The 2018 Nissan Leaf. [Photo: Nissan]

Big Auto refuses to create its own demand

“If you build it, they will come.” “If I gave the public what they asked for, I would have built a faster horse.” Both of these statements are technically fictions, but they illustrate an important idea in disruptive economics: Demand can’t always drive supply, because people can’t buy what doesn’t exist. Sometimes supply does drive demand. Nobody could have asked for an iPhone before Apple invented the thing. So it is with electric cars.

“[EVs are] the only example in the history of the automotive industry, if not all retail in general, that the industry side has demanded that demand predate and continue to exceed supply,” says Sexton. “The core automotive industry has always been, and on average remains, really ambivalent about [electric vehicles]. On one hand they’re preparing for it. They see it as sort of inevitable because of regulations they have to meet. But if given a path out tomorrow, they’d totally take it.”

Why? Beyond Tesla, which built a business around EVs, auto manufacturers have optimized themselves over a century to build gasoline cars. And gas cars have twice the profit margin of electric cars–or at least they do today. In theory, electric vehicles could one day be cheaper in that they require less parts. It also helps that automakers are taking important steps to drive down part prices and increase scale. Ford has teamed up with VW to share parts and technologies–possibly for EVs–and Renault-Nissan-Mitsubishi have an electric alliance of their own. But getting to the point where profits are on par with those of gas cars could take several years, and it comes at the cost of the bottom line in the short term.

That’s why when I share my excitement for all the new electric car models coming to market this year and next, Sexton urges a more tempered enthusiasm. She suggests that while these cars will come to market, they will be in limited numbers, and with limited promotion, especially in the United States.

“Many car companies are taking the approach, ‘We’ll sell as many as we need to,'” says Sexton. “But these aren’t wildly profitable cars for them right now, and so they don’t want to sell as many as they possibly can.”

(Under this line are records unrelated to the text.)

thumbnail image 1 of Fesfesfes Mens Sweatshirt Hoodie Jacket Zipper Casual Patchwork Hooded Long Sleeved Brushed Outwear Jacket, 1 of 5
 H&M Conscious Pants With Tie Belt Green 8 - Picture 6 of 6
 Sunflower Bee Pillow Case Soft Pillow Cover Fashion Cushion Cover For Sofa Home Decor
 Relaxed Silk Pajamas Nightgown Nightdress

Reaching out to several auto manufacturers to confirm their production of EVs over the next two years, no company would comment on near-future inventories of their electric cars–including Audi, GM, Nissan, Toyota, and VW. But VW said it hoped to be the world’s leader in pure electric vehicles (not hybrids) by 2025, by which time it plans to produce more than a million electric models a year. Nissan shared that 23,903 Leaf vehicles were produced for the U.S. in 2018–putting the Leaf on par with other premium sedan sales, but representing a little more than 1/20th of the Rogues it sold over the same time. (It should be noted that the Leaf is the best-selling EV of all time, having just announced 400,000 sales worldwide since its 2010 debut.)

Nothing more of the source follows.